I am also sporting a painful cut on my finger. Cleaning grease traps is not my idea of a good time.

Classes, on the other hand, were tons of fun. There was explaining and reading of Faust (which I don't like as much as Rousseau's Confessions, who may have been narcissistic, but was very interesting about it) and the very cute writing teacher remembered my name and told me that I stood out. In, you know, a good way. And she is very cute indeed.
butterfly: (Buffy fan)
Recently, I've been thinking about due South and Buffy the Vampire Slayer. In a way, the shows are strikingly similar -- each centers around the emotional journey of the main character. Every episode forwards that emotional journey.

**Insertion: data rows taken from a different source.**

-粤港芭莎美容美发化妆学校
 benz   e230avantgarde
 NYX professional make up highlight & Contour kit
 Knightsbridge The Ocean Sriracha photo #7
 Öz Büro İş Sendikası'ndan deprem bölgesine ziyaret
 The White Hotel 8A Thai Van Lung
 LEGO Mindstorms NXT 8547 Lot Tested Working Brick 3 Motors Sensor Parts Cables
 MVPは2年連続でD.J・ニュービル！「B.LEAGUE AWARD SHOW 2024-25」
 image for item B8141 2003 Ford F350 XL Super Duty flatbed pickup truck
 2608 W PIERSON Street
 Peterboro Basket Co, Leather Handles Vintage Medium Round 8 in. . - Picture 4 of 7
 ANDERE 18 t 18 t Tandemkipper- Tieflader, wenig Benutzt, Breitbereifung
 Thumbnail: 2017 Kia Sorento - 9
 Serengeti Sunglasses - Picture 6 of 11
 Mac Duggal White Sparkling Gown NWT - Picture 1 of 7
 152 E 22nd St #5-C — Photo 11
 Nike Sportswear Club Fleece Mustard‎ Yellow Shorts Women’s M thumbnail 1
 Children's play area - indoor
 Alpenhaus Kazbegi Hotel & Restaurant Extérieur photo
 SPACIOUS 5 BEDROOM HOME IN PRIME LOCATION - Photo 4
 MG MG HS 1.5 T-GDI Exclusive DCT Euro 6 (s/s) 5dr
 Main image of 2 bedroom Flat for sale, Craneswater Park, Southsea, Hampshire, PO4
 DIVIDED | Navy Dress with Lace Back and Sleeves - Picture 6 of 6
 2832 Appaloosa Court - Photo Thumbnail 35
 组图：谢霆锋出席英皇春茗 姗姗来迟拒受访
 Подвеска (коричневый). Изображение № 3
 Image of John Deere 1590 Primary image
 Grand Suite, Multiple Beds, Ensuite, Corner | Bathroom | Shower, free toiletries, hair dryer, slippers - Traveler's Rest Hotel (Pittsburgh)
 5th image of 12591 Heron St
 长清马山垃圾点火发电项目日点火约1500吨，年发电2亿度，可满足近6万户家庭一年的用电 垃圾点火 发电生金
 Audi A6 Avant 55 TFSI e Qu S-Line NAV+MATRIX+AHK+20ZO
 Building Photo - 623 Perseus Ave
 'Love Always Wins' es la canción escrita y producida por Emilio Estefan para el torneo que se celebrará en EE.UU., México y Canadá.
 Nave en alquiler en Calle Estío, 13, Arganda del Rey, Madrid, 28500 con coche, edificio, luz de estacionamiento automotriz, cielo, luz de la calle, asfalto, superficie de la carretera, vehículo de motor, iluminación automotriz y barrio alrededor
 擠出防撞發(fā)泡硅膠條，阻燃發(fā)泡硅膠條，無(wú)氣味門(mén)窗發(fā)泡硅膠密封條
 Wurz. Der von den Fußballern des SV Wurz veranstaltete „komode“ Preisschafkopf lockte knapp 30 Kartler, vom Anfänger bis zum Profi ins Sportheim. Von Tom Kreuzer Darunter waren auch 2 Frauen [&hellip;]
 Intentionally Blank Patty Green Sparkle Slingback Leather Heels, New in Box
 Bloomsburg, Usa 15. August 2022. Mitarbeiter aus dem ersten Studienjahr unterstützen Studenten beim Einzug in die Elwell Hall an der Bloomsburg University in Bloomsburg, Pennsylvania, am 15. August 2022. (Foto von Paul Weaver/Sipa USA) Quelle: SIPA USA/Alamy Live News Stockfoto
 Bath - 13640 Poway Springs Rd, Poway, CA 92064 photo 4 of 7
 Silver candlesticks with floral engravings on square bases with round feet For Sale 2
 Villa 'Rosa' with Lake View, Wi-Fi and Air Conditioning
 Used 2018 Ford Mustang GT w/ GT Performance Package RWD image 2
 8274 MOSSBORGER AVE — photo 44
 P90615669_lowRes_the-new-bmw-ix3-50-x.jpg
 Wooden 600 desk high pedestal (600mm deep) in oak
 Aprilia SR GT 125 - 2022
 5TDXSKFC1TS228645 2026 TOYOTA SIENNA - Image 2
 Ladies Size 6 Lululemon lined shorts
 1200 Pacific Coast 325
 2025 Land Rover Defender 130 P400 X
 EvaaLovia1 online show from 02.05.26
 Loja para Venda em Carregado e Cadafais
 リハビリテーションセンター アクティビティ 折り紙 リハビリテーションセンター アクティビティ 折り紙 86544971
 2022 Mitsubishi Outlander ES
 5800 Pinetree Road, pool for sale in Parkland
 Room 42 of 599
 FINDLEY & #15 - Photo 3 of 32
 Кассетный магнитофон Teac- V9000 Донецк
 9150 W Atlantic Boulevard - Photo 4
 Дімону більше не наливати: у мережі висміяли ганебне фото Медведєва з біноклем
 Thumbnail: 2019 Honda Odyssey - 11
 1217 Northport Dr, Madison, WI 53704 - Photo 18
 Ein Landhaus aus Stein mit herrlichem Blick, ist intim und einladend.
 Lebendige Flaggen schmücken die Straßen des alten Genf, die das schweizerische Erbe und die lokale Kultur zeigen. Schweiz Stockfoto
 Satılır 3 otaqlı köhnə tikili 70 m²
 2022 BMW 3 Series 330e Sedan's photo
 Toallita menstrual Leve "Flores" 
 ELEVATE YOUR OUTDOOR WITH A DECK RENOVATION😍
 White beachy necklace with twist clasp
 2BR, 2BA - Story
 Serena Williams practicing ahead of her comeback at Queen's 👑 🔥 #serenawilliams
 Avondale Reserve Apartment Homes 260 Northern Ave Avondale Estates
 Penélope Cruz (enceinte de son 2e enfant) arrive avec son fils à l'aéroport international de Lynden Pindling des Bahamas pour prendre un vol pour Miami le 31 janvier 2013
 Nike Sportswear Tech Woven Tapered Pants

The end of each series has the hero leaving the place that they spent all of the show time in -- we see the entirety of their existence in that place, because the show is about how that place shapes and changes them.

More than that, Buffy and Fraser are very similar characters, especially in one very important aspect -- both of them inspire and empower others. And both Buffy and Fraser bend the rules of the universe in ways that others of that universe don't. Their power of belief causes shifts in reality. Because they will it, reality bends and the impossible is quite possible. Both of them believe in people as opposed to institutions. Each fell in love with someone on the wrong side of the moral spectrum and took the right steps to stop that person from causing evil.

But they had different emotional journeys -- Buffy's story was one of a girl becoming a strong woman, while Fraser's was of a loner learning to make lasting connections. Still, both shows were a mix of humor and pathos (though dS leaned more towards humor), with BtVS adding the element of horror and dS using the cop show element.

And both did a wonderful job at creating believable people. People that you not only knew but wanted to know. People worth caring about, warts and all. They had relationships with thorns and emotional pains that didn't just disappear. And they had a driving emotional focus. Most shows don't have that, don't have a single emotional journey that resonates above anything else in the series. I really enjoyed Angel, but I've never felt the same kind of continual forward motion from it -- Buffy and Fraser were traveling on a set emotional journey, exploration of person in place. We saw the completion of their journey in that place and we saw them move on from it. Will Angel move on from L.A. when Angel is over? When all is said and done, AtS might end in the same fashion. We don't know that yet.